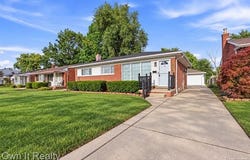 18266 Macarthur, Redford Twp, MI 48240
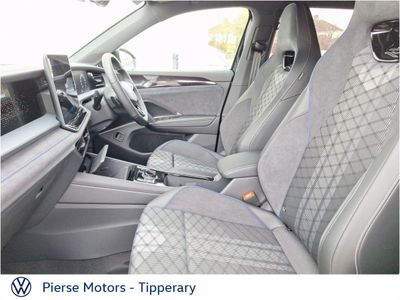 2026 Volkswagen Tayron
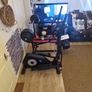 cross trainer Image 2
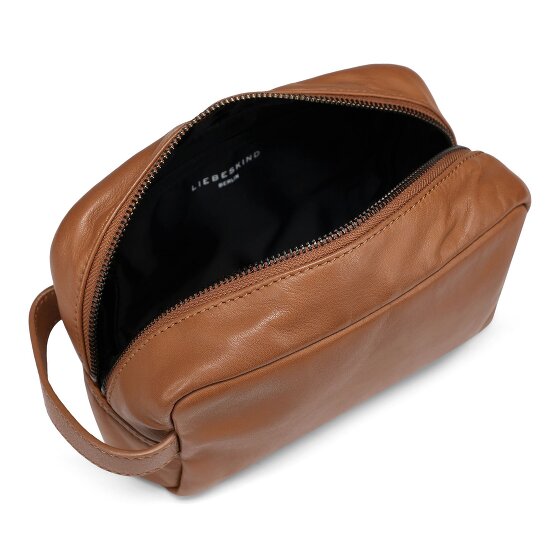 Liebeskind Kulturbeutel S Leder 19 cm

* * * * * * *

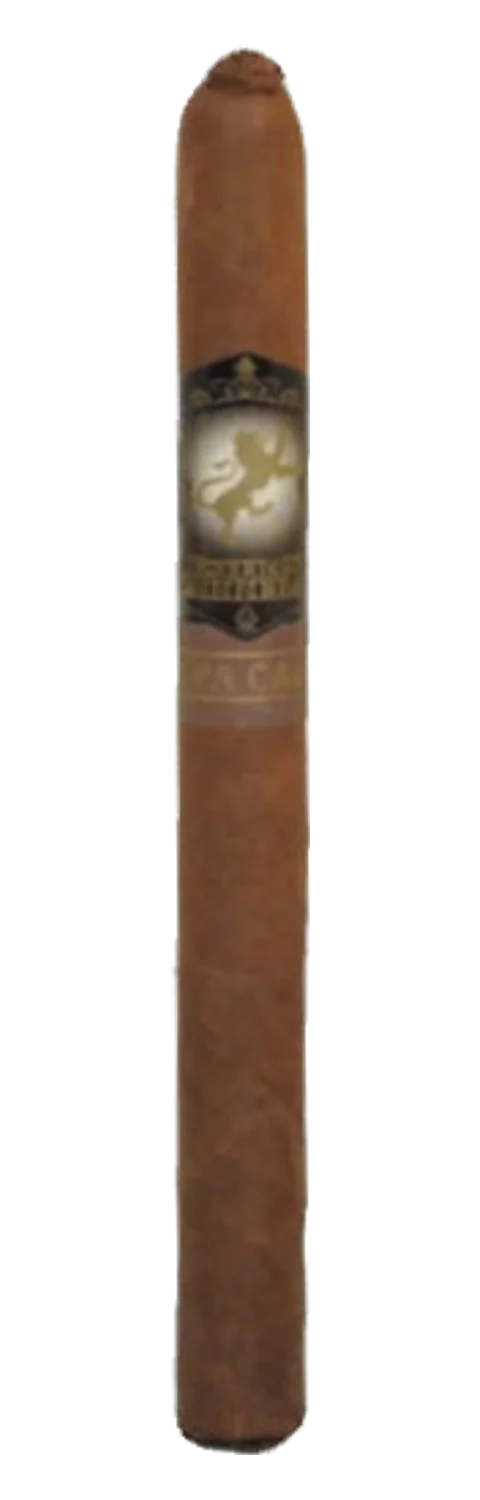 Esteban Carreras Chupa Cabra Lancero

* * * * * * *

* _TASK BRIEF_:
With the pictures omitted, copy exactly the lines of the listing above starting at the line containing "18266 Macarthur, Redford Twp, MI 48240" and ending at the line containing "Liebeskind Kulturbeutel S Leder 19 cm", both included.

* _SOLUTION TO THIS EXERCISE_:
 18266 Macarthur, Redford Twp, MI 48240
 2026 Volkswagen Tayron
 cross trainer Image 2
 Liebeskind Kulturbeutel S Leder 19 cm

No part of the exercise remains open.